MARQUETTE COUNTY, Mich. (WZMQ) – With our shorter days and colder nights of the fall season, upper Michigan’s dense forests are headed back to their best colors of the year. As a major seasonal turning point, the signs are hard to miss.
“The color season up here, the fall season, is magical,” said Kelsey Wermager, Director of the Big Bay Stewardship Council.
“Getting out anywhere around the U.P., you’re going to get the colors,” said Jesie Melchiori, a Forsyth Forward board member.
The varieties of reds, oranges, and golds come forth once trees stop producing chlorophyll, typically giving them their green colors. In our fall season, the lessened warmth and sunlight ceases the regular movement of these nutrients, revealing the carotenoid colors of oranges and yellows. These are always found in leaves, but overshadowed by chlorophyll.
Inland areas such as Gwinn are seeing a lot of these colors already, but those along the shoreline in places like Big Bay, could be looking at a few more weeks of waiting, due to lake affect temperature differences.

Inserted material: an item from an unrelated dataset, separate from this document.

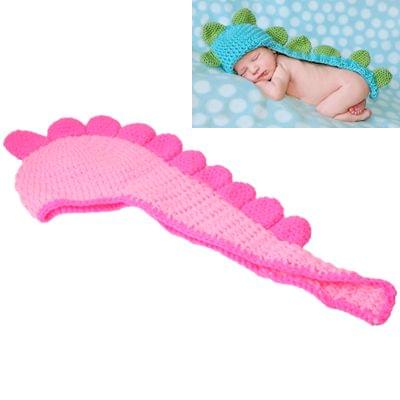 Manual Weaving Baby Hat / Wool Cap Dinosaur Cap / Baby Siamesed Hats(Pink)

This year, recent higher temperatures have delayed this process around Marquette county, pushing back the anticipated peak viewing times.
“I thought that we were going to get our fall pretty early,” said Melchiori. “We had that cooldown and saw some of the colors start to pop, but now that it’s warmed up, I think the colors are going to go into October before they are in full swing.”
Marquette County peak fall colors are expected to be seen around the second week of October, from the 6th through the 10th.